Apart from these indicators, the secrecy of the list as well as the lack of notice to individuals placed on the list has already given rise to several lawsuits, including a successful petition by Ms. Rahinah Ibrahim, a Malaysian woman of Muslim faith and a doctoral student at Stanford before the proceeding with no criminal record or ties to terrorism. Ibrahim sued the government in Ibrahim v. Dept. of Homeland Security, challenging her inclusion on the No-Fly List when she was arrested before a flight to Malaysia to visit family. Her inclusion was used to revoke her student visa and prohibit her from completing her degree. The District Court dismissed her case on the ground that federal law prescribes that all challenges to TSA orders to be filed directly in a federal appeals court where there is no right to a jury or discovery. However, on appeal, the Ninth Circuit held that federal district court judges could hear challenges to the No-Fly List because the names are maintained by the TSC and, as a division of the FBI, it is not covered under the same statute as procedures for challenging the TSA. Since that decision in 2008, the ACLU also filed suit in 2010 on behalf of fifteen
U.S. nationals, some of whom are Muslims, challenging their No-Fly List inclusion asserting that they have not been told why they are on the list or given a meaningful chance to contest their inclusion.

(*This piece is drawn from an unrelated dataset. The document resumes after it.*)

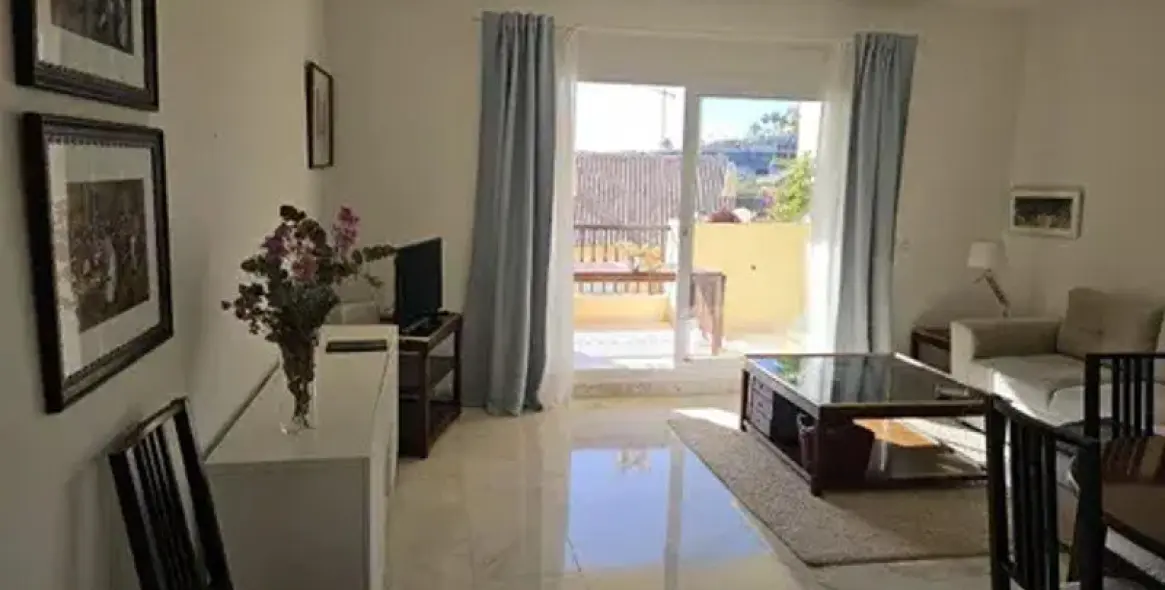 Sale of middle floor apartment in Mijas Costa 4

While Ibrahim v. Dept. of Homeland Securitypresents a benchmark for Muslim civil liberties in particular, the standards for placement on the No-Fly and Selectee Lists must become clearer and require more stringent proof of a suspicion of terrorist affiliation before an individual is included. Failure to do so will only serve to further isolate American Muslims, the community that has been the most negatively impacted by discriminatory application of the new criterion. As the severe consequences of inclusion include curtailing liberty and freedom of movement and as relief for the innocent is expensive and time-consuming if ever procured, all involved government agencies must take immediate steps to reduce costly errors in the continued development and ongoing maintenance of the watchlists.
 Ibrahim v. Department of Homeland Security, 538 F.3d 1250 (9th Cir. 2008).